La nature des hommes

lundi 20 avril 2009

Dans le coin de la boite.

C’est la nuit. Contre la lumière allumée, les insectes viennent s’écraser. Des hannetons volent comme ils peuvent, là où ils peuvent. Ils sont aveugles. Ils n’ont pas d’antennes. Un instant dans l’air, dés projetés par la main de l'inconnu à la barque, ils tournoient aléatoires avant de retomber sur le carreau. Peut-être un six. Peut-être un deux. Peut-être sur le dos, peut-être sur le mur. Ils ne voient pas où ils vont, mais ils y vont. Si le destin ne les renverse pas, ils se retrouveront coinçés dans un coin pointu formé par l'angle du plafond et de deux murs. Alors, il ne restera d’eux que le vrombissement de leurs ailes et, en tendant bien l’oreille, le pok de leur carapace contre la surface, le bruit de leur dérisoire croyance qu’aller au-delà est possible. Il fait nuit sur ma terrasse. La lumière de l’ampoule est si vive qu’elle écrase tous les détails, tous les entours et brouille tous les chemins. Aveuglante obscurité.

Je plisse les yeux pour percer le tout-tout-noir, distinguer chaque détail, chaque entour, chaque chemin. Pour mieux connaître la nature du coin contre lequel je suis coincée. Moi, hanneton arrangé, je peux plus ou plus longtemps que le hanneton de campagne. Je peux distinguer les parois ; je pourrai ne plus vouloir leur donner mon dos.

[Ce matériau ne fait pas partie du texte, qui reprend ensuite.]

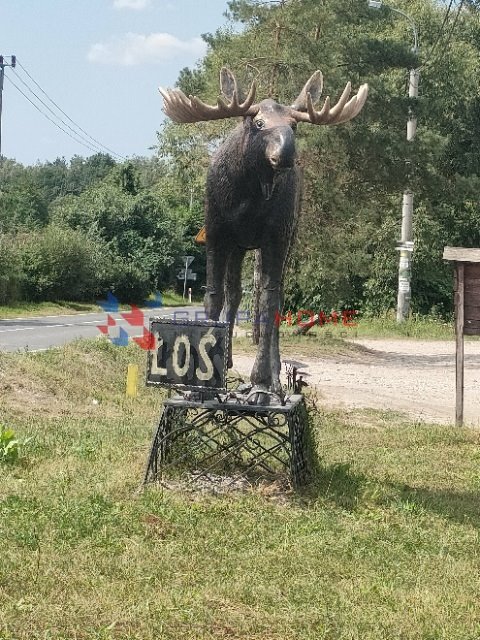 Działka 9000 m² pod zabudowę w Łosiu, blisko Warszawy Łoś  9 000m2 Foto 1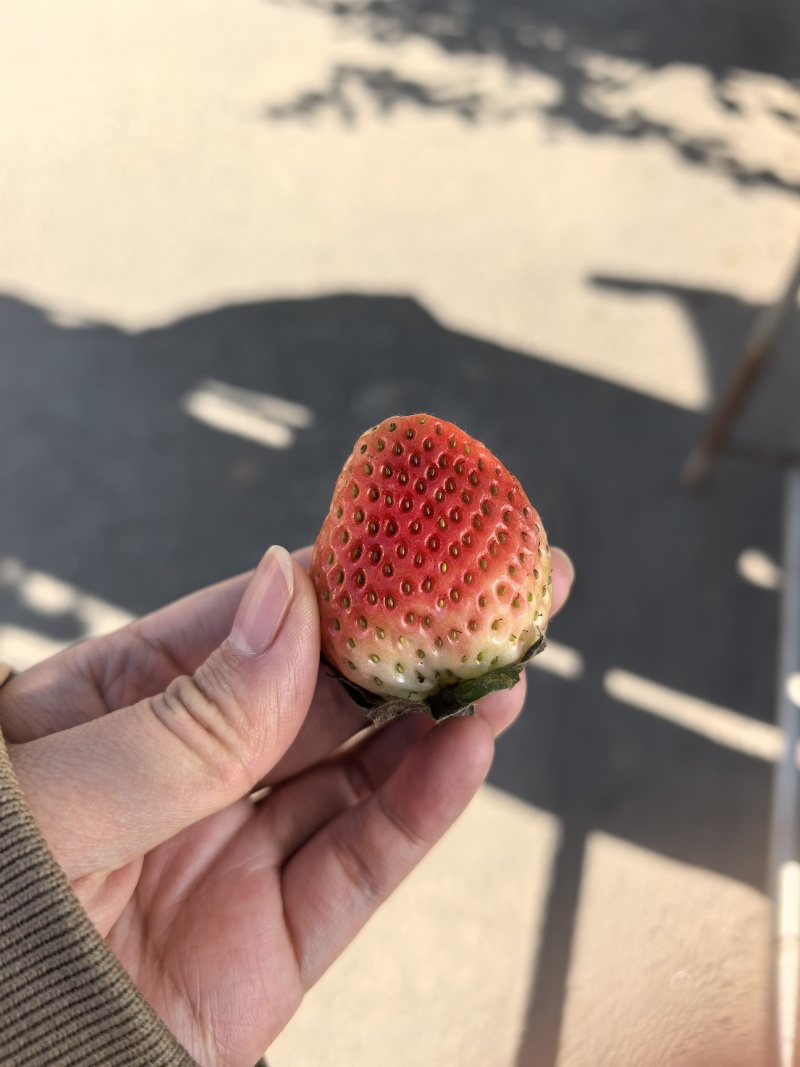 撇果果汁果酱专用大凉山露天草莓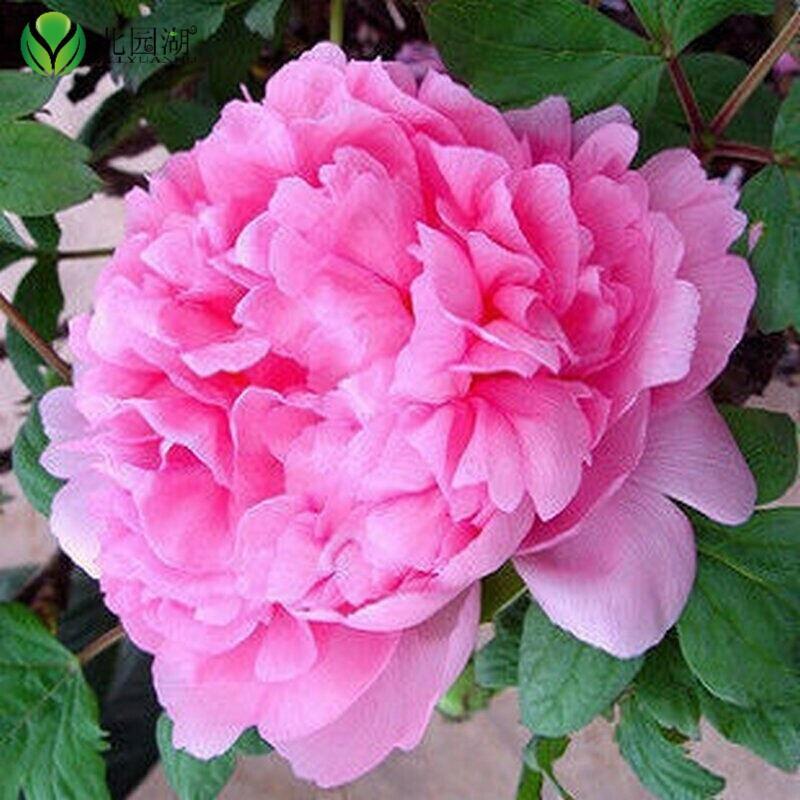 北园湖园艺用品庭院绿化苗木花种子牡丹花种子阳台盆栽花卉种子 价格图片品牌报价 苏宁易购北园湖园艺旗舰店
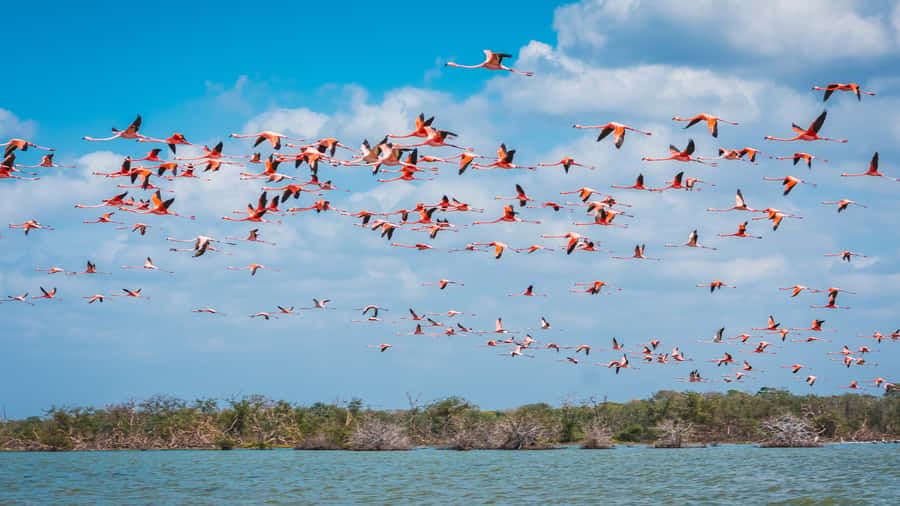 Palomino: Sanctuary of Flamingos Day Tour - Flamingos and Saltwater Lagoons: What This Day Really Is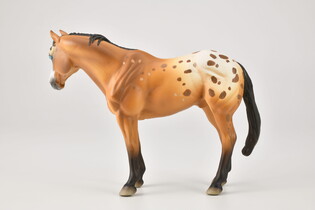 COLLECTA OGIER APPALOOSE JASNOBRĄZOWY 4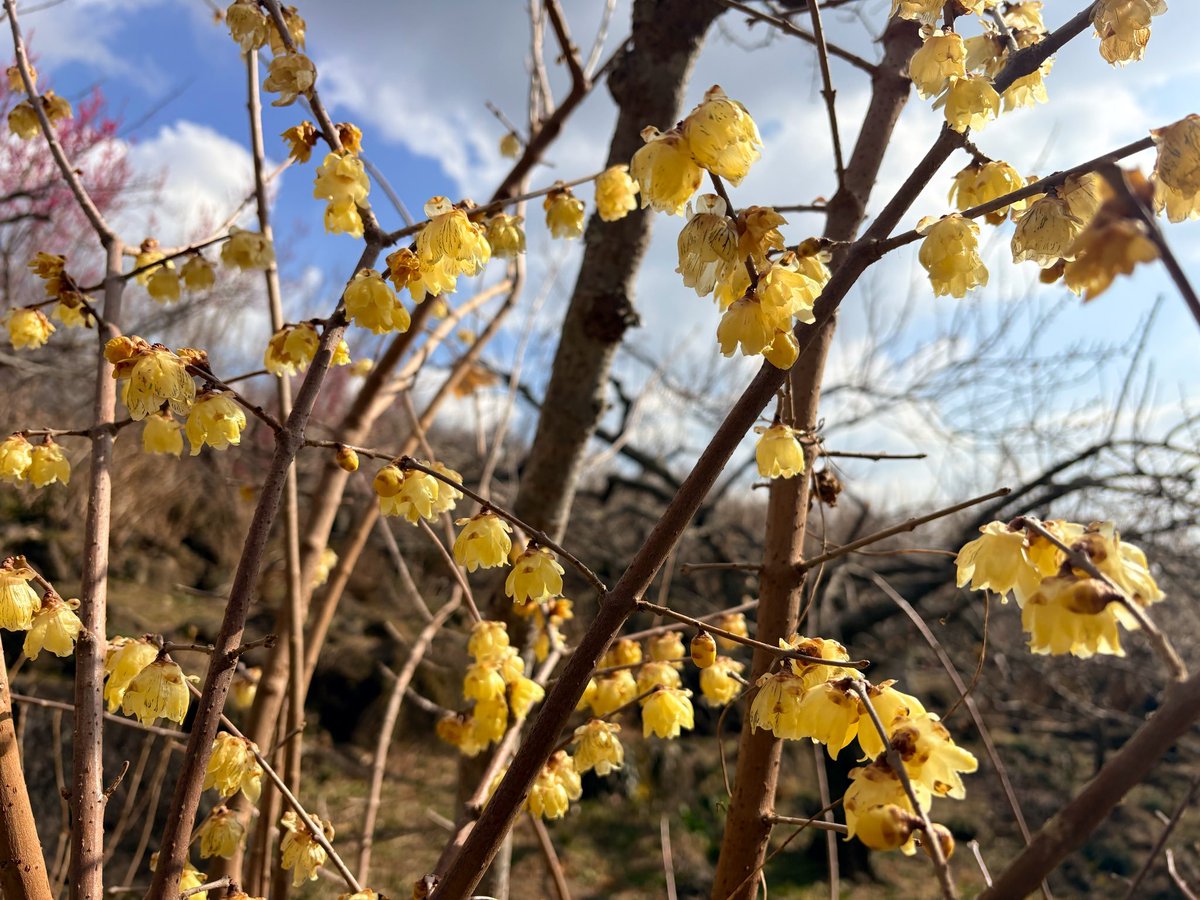 スズキ ミサキ (@sAngela1155604) / Posts / X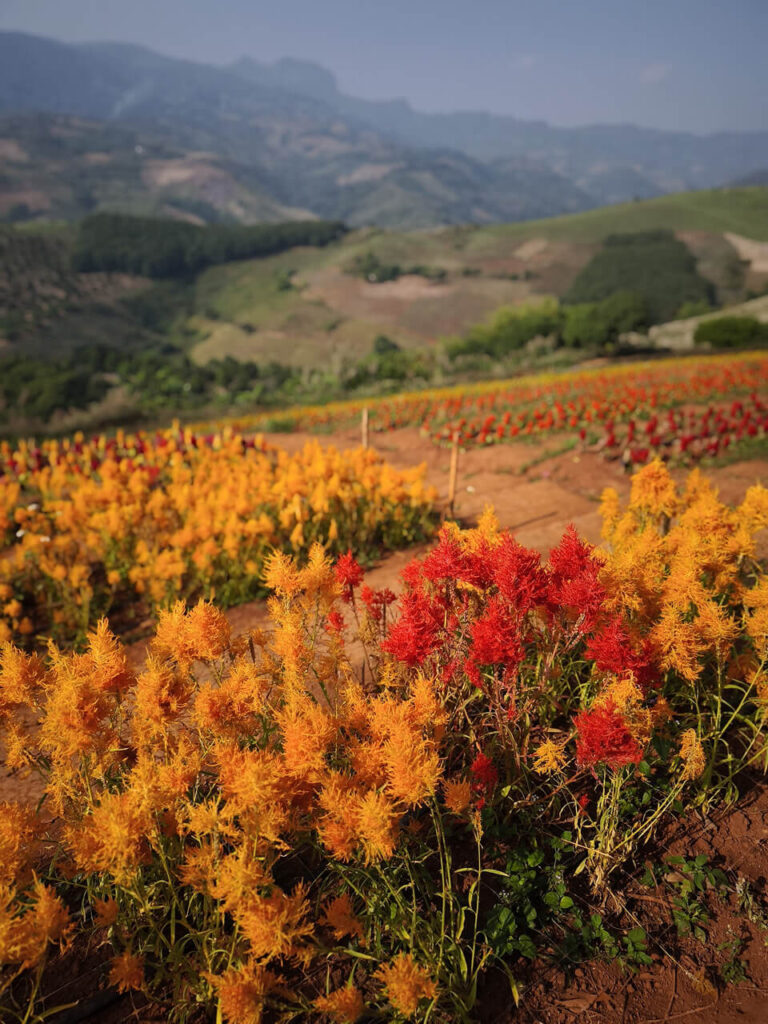 Flower Farms Near Doi Mae Mon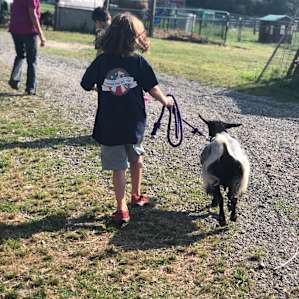 Infinity Acres Petting Ranch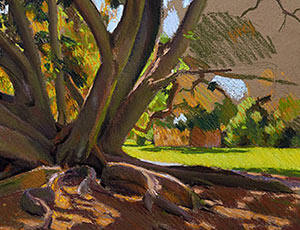 Pastel Of Moreton Bay Fig tree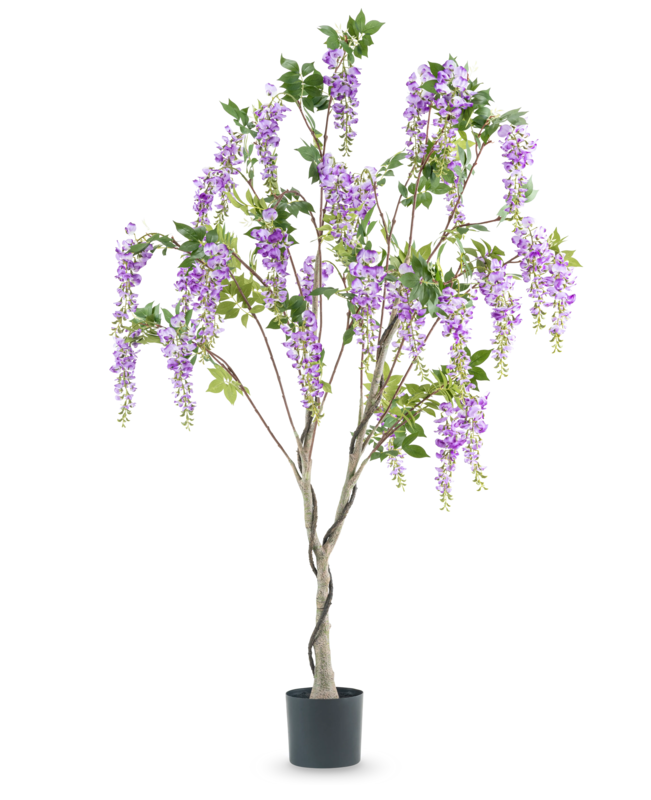 Luxe Wisteria bloesemboom van 180 cm met hangende lila-paarse bloemen, groene bladeren en een sierlijke vertakte stam.
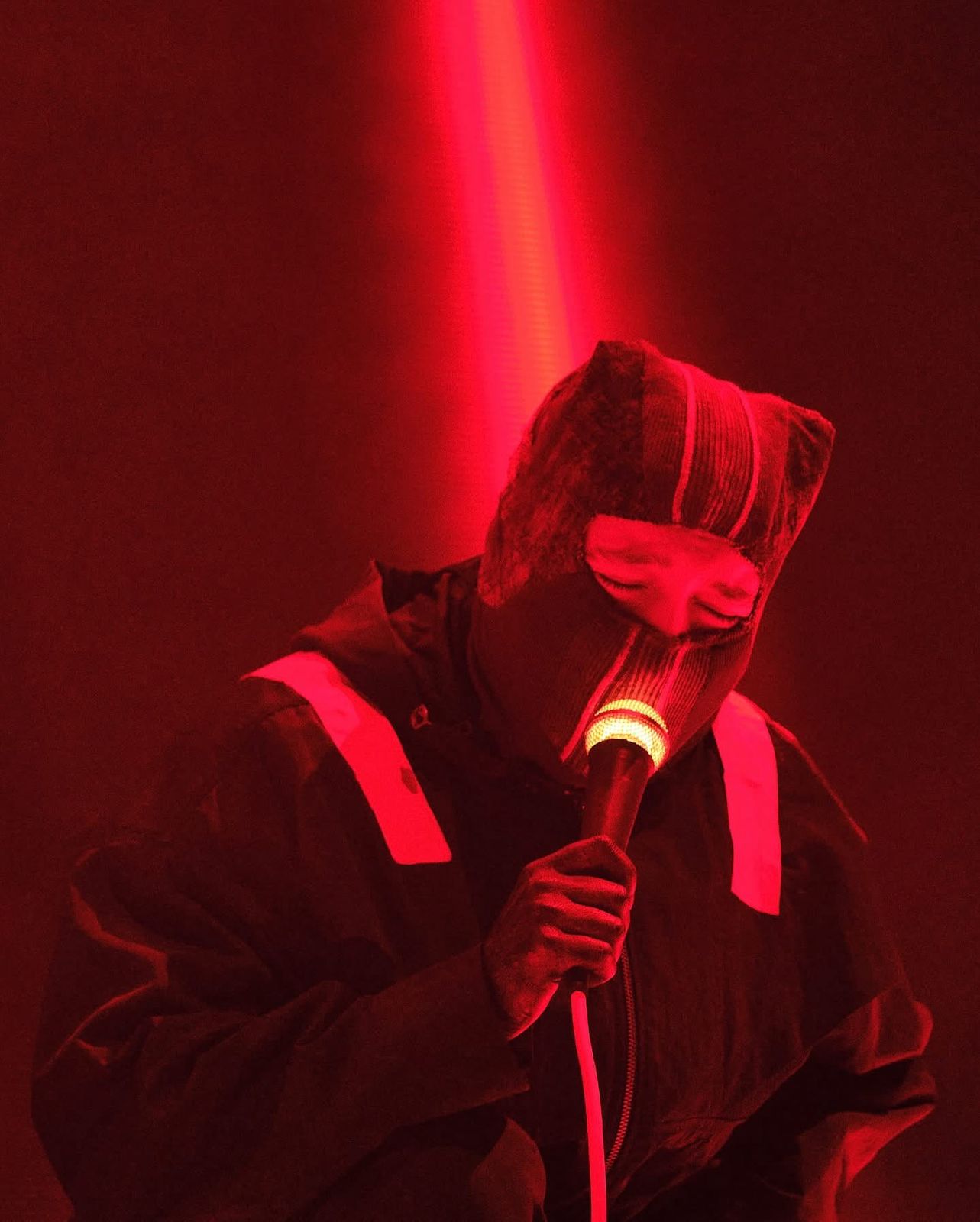 TWENTY_ONE_PILOTS_ESTADIO_GNP (14)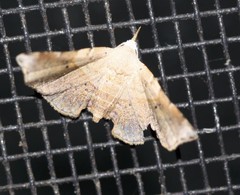 Esthlodora versicolor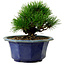 Pinus thunbergii, 16 cm, ± 15 jaar oud, met een nebari van 3 cm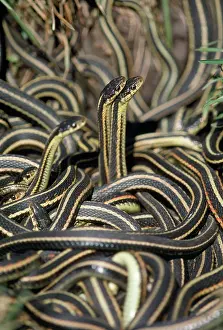 Parietalis: RED-SIDED GARTER SNAKES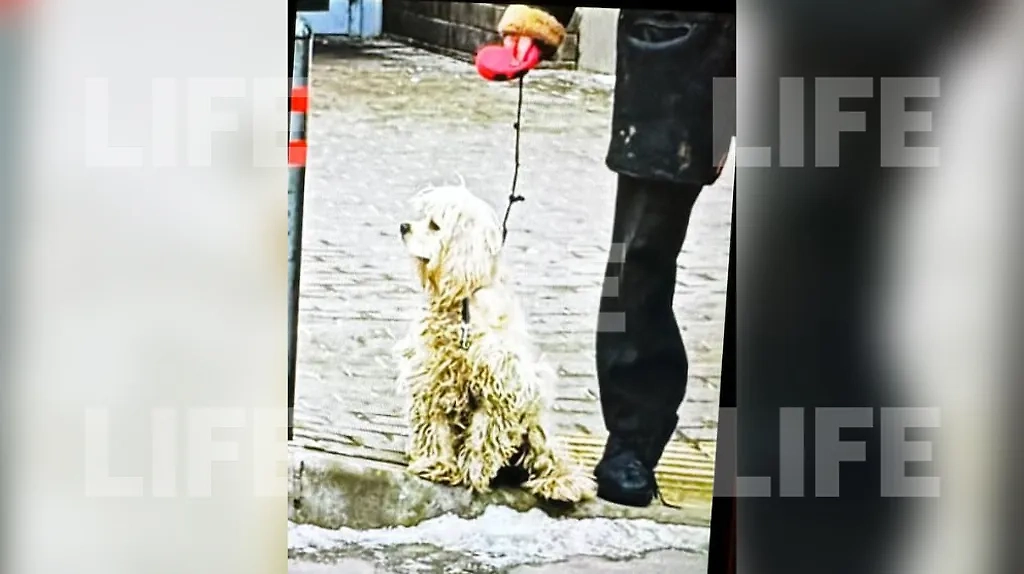 Собака, запертая в квартире в подмосковном Томилине. Фото © Life.ru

Alors, je suspendrai mon vol inutile. Je me laisserai tomber dans les airs vertigineux pour quitter ce coin qui contient tous mes possibles sur une toute petite étagère. Je me laisserai aller à l’espace infini.
Il sera midi tout le temps.
Il sera midi à chaque instant.
Il sera midi. Un midi sans ombre, sans montre, debout. Un midi roforofo.
Un midi en mitan, sans chapeau, un midi au loin, un midi partout.
Un midi de négresse de la pure espèce.
Il sera un midi sans poutchi ni pourquoi.

Le tout-tout noir devient plus clair. Une paroi... deux parois... un plafond... Je suis dans ce là, dans une boite elle-même coincée dans une martinique aux coins infinis, boite à serpents. Maintenant, je m’en éloigne pour déployer encore une fois mes ailes. Mon ciel ouvert. Je sais qu’un autre coin dans une autre boite happera mon mouvement bientôt ou tard. Ma carapace endurcie ne percevra ni la douceur ni le brutal de la paroi contre laquelle je me heurterai avec l’illusion d’être toujours en train de voler.

Pok !

Un hanneton touche le coin. Vrooum. Pok ! Un deuxième hanneton vient se cogner au premier. Vrooum vrooum. Carapace contre carapace, l’espace ceint devient le nouveau monde des possibles alignés en boites de conserves. Sur le sol, qui 6 qui 2 qui double 4, les dés renversés ont perdu leurs illusions.